Hint: Use SUM(salary) OVER (ORDER BY hire_date) on the employees table.
Solution
SELECT
    e.employee_id,
    e.hire_date,
    e.salary,
    SUM(e.salary) OVER (ORDER BY e.hire_date) AS running_salary
FROM employees e;
Exercise 2 Easy
Write a query to return each employee's employee_id, department, hire_date, salary, and a column called dept_running_salary that accumulates salary within each department in order of hire_date.
Hint: Use PARTITION BY department and ORDER BY hire_date inside the OVER clause on the employees table.
Solution
SELECT
    e.employee_id,
    e.department,
    e.hire_date,
    e.salary,
    SUM(e.salary) OVER (PARTITION BY e.department ORDER BY e.hire_date) AS dept_running_salary
FROM employees e;
Exercise 3 Medium
Write a query to return each payment's payment_id, method, payment_date, amount, and a column called running_paid that accumulates amount within each method in order of payment_date.
Hint: Use PARTITION BY method and ORDER BY payment_date inside the OVER clause on the payments table.
Solution
SELECT
    pay.payment_id,
    pay.method,
    pay.payment_date,
    pay.amount,
    SUM(pay.amount) OVER (PARTITION BY pay.method ORDER BY pay.payment_date) AS running_paid
FROM payments pay;
Exercise 4 Medium
Write a query to return each payment's payment_id, method, payment_date, amount, and a column called running_paid that accumulates amount within each method in order of payment_date. Return only payments where status is 'completed', and sort the output by method and then payment_date.
Hint: Filter on status in WHERE, use PARTITION BY method ORDER BY payment_date in OVER, and add ORDER BY method, payment_date at the end.
Solution
SELECT
    pay.payment_id,
    pay.method,
    pay.payment_date,
    pay.amount,
    SUM(pay.amount) OVER (PARTITION BY pay.method ORDER BY pay.payment_date) AS running_paid
FROM payments pay
WHERE pay.status = 'completed'
ORDER BY pay.method, pay.payment_date;
Exercise 5 Medium
Write a query to return each payment's payment_id, payment_date, amount, and a column called cumulative_paid. Return only rows where cumulative_paid exceeds 5000, using the running total across all payments ordered by payment_date.
Hint: Wrap the window function query in a subquery and filter on cumulative_paid > 5000 in the outer query.
Solution
SELECT * FROM (
    SELECT
        pay.payment_id,
        pay.payment_date,
        pay.amount,
        SUM(pay.amount) OVER (ORDER BY pay.payment_date) AS cumulative_paid
    FROM payments pay
) t
WHERE cumulative_paid > 5000;
Frequently Asked Questions

Use SUM(column) OVER (ORDER BY sort_column) and SQL will accumulate the total row by row as it moves through the sorted result.

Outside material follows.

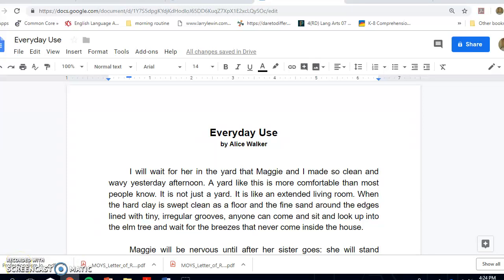Good evening. Today I'm going to go through a few steps showing you how to annotate. I'm just going to use pieces of the text that we're using — 'Everyday Use.' I'm in my Google Docs, but you can do this on your sheets. I prefer for you to do it on your sheets, but if you need me to, I can send this to you via Google Docs.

GROUP BY returns one total per group. A running total keeps every row and adds a cumulative sum that grows with each row.

Add PARTITION BY group_column inside the OVER clause before ORDER BY, and the running total will restart at zero for each group.

No. ORDER BY inside OVER only controls how the window function accumulates. To sort the output, add a separate ORDER BY at the end of the query.